Rising amount of open files

This support forum board is for support questions relating to Nagios Log Server, our solution for managing and monitoring critical log data.
Locked
User avatar
WillemDH
Posts: 2320
Joined: Wed Mar 20, 2013 5:49 am
Location: Ghent
Contact:

Rising amount of open files

Post by WillemDH »

Just noticed a surprisingly growing trend in open files on my NLS nodes.

Any tips how to troubleshoot what's going on here before the whole thing explodes are welcome. Check the screenshot:

The only thing that really changed lately was that we added 16 GB on each node, so they have 32 GB each now. During this process, the servers were rebooted.
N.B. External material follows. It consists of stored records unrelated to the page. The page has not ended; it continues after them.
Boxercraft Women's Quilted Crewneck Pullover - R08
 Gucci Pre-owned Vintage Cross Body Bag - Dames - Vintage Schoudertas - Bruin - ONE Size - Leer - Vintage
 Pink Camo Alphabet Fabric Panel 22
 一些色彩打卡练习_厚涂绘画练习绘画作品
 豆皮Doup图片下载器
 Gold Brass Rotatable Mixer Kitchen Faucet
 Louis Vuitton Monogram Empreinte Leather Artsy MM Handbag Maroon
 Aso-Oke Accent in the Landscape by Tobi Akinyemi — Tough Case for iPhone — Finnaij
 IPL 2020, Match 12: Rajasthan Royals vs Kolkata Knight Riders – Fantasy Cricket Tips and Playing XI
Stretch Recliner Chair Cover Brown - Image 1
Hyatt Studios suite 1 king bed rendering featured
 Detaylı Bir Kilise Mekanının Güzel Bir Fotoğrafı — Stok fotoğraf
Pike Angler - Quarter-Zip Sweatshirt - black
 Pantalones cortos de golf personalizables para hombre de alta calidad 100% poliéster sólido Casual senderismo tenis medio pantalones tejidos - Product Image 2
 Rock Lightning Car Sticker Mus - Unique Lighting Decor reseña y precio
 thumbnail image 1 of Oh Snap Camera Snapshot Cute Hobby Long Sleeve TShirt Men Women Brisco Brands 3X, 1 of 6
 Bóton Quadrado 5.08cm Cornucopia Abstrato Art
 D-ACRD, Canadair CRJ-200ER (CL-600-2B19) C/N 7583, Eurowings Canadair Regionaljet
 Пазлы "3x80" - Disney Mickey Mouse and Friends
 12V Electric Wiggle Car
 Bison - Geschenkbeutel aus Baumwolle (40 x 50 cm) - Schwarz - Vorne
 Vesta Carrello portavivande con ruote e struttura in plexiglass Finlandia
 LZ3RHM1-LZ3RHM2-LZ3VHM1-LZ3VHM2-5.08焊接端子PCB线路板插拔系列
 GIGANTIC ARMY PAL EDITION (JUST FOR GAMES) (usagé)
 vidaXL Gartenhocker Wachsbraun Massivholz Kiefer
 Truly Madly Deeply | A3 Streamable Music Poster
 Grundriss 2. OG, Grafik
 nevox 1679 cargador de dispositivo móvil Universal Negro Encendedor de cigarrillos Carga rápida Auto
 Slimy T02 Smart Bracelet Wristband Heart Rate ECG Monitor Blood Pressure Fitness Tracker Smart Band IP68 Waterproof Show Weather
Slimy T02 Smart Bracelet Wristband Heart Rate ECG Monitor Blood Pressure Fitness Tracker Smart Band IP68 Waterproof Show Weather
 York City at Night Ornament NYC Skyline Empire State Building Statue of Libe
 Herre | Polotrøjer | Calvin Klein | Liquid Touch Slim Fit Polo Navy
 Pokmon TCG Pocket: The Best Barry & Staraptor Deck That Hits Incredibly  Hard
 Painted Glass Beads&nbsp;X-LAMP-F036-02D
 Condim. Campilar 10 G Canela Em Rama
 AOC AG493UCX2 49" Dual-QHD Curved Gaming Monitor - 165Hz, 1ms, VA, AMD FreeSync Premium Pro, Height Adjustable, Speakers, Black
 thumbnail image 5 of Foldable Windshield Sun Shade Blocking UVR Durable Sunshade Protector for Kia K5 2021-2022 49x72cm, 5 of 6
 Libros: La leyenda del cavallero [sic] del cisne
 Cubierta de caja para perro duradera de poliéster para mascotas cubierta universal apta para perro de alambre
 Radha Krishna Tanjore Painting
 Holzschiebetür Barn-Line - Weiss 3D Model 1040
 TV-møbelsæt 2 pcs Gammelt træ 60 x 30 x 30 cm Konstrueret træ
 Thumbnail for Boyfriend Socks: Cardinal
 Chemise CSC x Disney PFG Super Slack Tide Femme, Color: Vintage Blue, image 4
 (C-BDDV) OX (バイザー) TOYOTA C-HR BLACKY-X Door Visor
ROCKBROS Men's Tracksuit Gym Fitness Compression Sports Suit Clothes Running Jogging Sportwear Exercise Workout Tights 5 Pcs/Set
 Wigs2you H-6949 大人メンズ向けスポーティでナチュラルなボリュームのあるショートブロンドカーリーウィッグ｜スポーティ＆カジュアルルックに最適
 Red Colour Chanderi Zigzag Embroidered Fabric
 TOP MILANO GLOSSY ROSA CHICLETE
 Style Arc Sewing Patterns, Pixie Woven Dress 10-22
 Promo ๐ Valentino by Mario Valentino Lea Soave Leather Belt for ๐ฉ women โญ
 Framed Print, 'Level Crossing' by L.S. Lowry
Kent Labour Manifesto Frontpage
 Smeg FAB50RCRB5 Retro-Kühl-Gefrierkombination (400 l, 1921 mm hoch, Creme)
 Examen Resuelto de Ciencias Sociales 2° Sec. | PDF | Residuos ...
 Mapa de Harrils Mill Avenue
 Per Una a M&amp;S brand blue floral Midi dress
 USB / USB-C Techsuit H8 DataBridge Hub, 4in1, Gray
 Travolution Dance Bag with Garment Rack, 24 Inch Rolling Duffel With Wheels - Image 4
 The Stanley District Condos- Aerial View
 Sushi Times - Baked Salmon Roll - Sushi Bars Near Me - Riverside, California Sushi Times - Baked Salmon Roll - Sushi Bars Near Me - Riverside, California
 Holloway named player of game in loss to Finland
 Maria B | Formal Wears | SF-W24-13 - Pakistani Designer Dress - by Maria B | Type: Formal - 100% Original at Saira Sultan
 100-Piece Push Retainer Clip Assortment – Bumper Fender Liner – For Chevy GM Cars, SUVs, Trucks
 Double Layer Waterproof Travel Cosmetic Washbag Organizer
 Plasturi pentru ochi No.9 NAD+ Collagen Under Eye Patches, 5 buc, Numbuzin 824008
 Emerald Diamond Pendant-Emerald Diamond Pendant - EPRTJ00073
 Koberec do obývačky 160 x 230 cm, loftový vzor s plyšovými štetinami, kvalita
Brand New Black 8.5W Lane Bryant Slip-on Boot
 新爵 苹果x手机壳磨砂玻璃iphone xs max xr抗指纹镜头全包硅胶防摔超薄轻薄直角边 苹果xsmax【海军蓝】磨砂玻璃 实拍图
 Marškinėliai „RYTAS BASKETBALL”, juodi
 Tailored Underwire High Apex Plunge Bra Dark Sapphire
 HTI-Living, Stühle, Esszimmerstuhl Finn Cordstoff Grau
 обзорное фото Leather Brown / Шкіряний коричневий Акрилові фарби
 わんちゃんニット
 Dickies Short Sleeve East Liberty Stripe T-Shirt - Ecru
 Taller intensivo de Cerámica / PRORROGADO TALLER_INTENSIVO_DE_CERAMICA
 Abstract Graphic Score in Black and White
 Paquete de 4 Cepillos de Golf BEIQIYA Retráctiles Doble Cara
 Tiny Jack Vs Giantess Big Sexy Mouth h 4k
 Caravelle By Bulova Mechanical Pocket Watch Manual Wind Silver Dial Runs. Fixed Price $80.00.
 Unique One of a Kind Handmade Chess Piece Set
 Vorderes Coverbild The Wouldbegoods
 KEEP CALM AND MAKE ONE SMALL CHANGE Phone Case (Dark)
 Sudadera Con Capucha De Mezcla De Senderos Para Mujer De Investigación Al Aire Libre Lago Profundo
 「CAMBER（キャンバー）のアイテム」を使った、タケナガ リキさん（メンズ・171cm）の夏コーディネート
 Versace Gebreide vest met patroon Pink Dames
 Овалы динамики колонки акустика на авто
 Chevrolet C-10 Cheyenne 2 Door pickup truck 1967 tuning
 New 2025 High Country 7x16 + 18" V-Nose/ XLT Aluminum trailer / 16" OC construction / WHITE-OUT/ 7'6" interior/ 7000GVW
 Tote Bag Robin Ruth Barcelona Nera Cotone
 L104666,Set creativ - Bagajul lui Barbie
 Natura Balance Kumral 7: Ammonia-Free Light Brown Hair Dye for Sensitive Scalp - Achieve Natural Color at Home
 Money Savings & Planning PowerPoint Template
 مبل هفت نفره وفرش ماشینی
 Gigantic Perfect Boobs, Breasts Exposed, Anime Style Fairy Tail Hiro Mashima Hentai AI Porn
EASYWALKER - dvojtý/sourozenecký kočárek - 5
So it could be normal that elasticsearch has more open fiels, as it has more space?

It seem a reboot of a node brings the number of opened files back to a very low level again. The next days will show if it starts rising again.
You do not have the required permissions to view the files attached to this post.
Nagios XI 5.8.1
https://outsideit.net
User avatar
mcapra
Posts: 3739
Joined: Thu May 05, 2016 3:54 pm

Re: Rising amount of open files

Post by mcapra »

WillemDH wrote:It seem a reboot of a node brings the number of opened files back to a very low level again.
I would suggest seeing if restarting the logstash service specifically brings the file count down. There is a known issue with a large number of tcp inputs in logstash:
https://github.com/elastic/logstash/issues/4225
https://github.com/elastic/logstash/issues/4815
Former Nagios employee
https://www.mcapra.com/
User avatar
WillemDH
Posts: 2320
Joined: Wed Mar 20, 2013 5:49 am
Location: Ghent
Contact:

Re: Rising amount of open files

Post by WillemDH »

Restarting Logstash service doesn't rteally seem to change something. It would be nice to be able to compare my amount of open files with another environment about the same size (35-50 GB / day and 32 Gb RAM / node).
Nagios XI 5.8.1
https://outsideit.net
User avatar
mcapra
Posts: 3739
Joined: Thu May 05, 2016 3:54 pm

Re: Rising amount of open files

Post by mcapra »

WillemDH wrote:Restarting Logstash service doesn't rteally seem to change something.
That is good.

On the topic of adding instances/nodes, an increase in the number of open files is expected. Mostly because elasticsearch needs to keep better track of shard allocation on the back-end of things.
Former Nagios employee
https://www.mcapra.com/
User avatar
WillemDH
Posts: 2320
Joined: Wed Mar 20, 2013 5:49 am
Location: Ghent
Contact:

Re: Rising amount of open files

Post by WillemDH »

Mcapra,

Fyi, we did have an actual problem on our ELK/NLS stack. I didn't immediately notice the day I made this thread, but in the meantime it became clear that the system job "backup_maintenance" was stuck again somehow. The issue was again solved after resetting all jobs in the gui. I forgot to execute the curator commands as asked in https://support.nagios.com/forum/viewto ... 38&t=40346.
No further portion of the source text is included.